There's a lack of confidence in B.C.'s ability to ensure safety because the Canadian rules are seen as lax, Bradley said.
"It's like night and day. They are allowed to do so much more on that side of the border," he said.
Demerjian finds it hard to imagine what would happen to the salmon runs if there was a dam failure.
"What happens if the river becomes polluted?" she asked.

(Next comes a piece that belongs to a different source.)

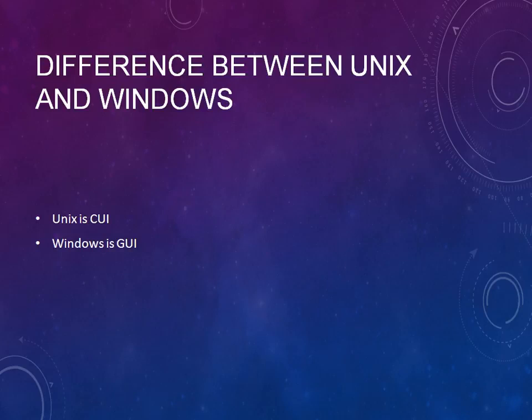In the same way, UNIX is a CUI. Entirely whatever you do, whatever operations you perform, it's all command-based, so you should learn many commands that we use in UNIX.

"No one will touch our fish."
Those Wrangell residents who are becoming aware of potential transboundary mining problems are startled when shown a map, with a chain of dots showing proposed B.C mine sites, that Aaron Angerman, tribal administrator for the Tlingit-Haida based Wrangell Cooperative Association, has outside his office.
While about 10 are in the assessment process, others have not yet gone beyond being staked by ambitious would-be miners.
The Stikine provides food, recreation and jobs and any spill or leak of acid mine drainage upstream would be crippling to the community, said Angerman, who grew up in Wrangell.
"For thousands of years our people have been reliant on the river. We are the Stikine tribe. If anything happened it would be a killer for this place."
Aaron Angerman, tribal administrator for the Tlingit-Haida based Wrangell Cooperative Association. Photo: Judith Lavoie.
Like other members of the United Tribal Transboundary Mining Work Group, Angerman wants to see the Boundary Waters Treaty enforced, better safety practices in B.C and Alaskans given an equal voice in decision-making on transboundary mines, although he worries about the impossibility of trying to stop a multi-billion industry that is supported by the B.C. government.
In the meantime, his main task is informing people about the risks.
"We need to get people together and show them what Mount Polley looks like and what the Williams Lake people are saying and tell them that this could be us if it goes badly," he said.
"Anything that we can accomplish is better than just sitting here and waiting for a freight train to hit us."
Wrangell and the neighbouring community of Petersburg, along with national and Alaskan native organizations and larger communities such as Juneau and Ketchikan have passed resolutions asking that the issue be passed to the International Joint Commission and that B.C. look at the cumulative impact of the mines in the Stikine, Taku and Unuk watersheds.
The resolution sets out concerns with B.C.'s record and weakened environmental laws.
"The ongoing acid mine drainage from the Tulsequah Chief mine and the tailings dam failure at the Mount Polley mine demonstrate weaknesses in monitoring and enforcement," says the preamble to the Petersburg resolution.
Meanwhile, Demerjian wonders what has happened to Canada's environmental sensitivities.
"I used to think of Canadians as being much more environmentally aware and now, no one can say that," she said.